Stored data entries:
· · · · · · ·

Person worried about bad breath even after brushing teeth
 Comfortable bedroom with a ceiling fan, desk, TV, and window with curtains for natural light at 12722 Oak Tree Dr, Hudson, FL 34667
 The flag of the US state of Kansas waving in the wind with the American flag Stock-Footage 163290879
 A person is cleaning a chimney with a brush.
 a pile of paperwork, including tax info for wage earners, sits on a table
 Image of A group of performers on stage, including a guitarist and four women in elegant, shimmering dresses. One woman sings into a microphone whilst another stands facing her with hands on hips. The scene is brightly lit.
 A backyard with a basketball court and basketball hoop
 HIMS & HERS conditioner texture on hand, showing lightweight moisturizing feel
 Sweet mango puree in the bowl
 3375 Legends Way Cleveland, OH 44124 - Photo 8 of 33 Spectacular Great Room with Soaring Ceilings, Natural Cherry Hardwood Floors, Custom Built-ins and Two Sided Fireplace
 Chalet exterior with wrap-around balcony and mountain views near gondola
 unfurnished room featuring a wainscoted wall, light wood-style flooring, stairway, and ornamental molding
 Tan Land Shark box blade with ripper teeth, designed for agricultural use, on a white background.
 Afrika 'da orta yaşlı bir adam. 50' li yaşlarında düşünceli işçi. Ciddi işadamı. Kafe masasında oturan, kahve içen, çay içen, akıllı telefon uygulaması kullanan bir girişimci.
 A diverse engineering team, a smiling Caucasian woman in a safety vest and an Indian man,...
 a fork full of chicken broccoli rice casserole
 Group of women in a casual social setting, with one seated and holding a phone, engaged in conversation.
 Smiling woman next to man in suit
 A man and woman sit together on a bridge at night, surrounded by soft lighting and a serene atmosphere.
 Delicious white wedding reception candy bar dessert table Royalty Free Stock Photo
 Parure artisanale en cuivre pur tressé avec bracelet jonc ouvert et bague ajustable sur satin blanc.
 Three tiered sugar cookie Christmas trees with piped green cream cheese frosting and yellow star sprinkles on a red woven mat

· · · · · · ·

Output exactly the lines of the records from the first through the one bearing "The flag of", both ends included.

Exercise answer:
Person worried about bad breath even after brushing teeth
 Comfortable bedroom with a ceiling fan, desk, TV, and window with curtains for natural light at 12722 Oak Tree Dr, Hudson, FL 34667
 The flag of the US state of Kansas waving in the wind with the American flag Stock-Footage 163290879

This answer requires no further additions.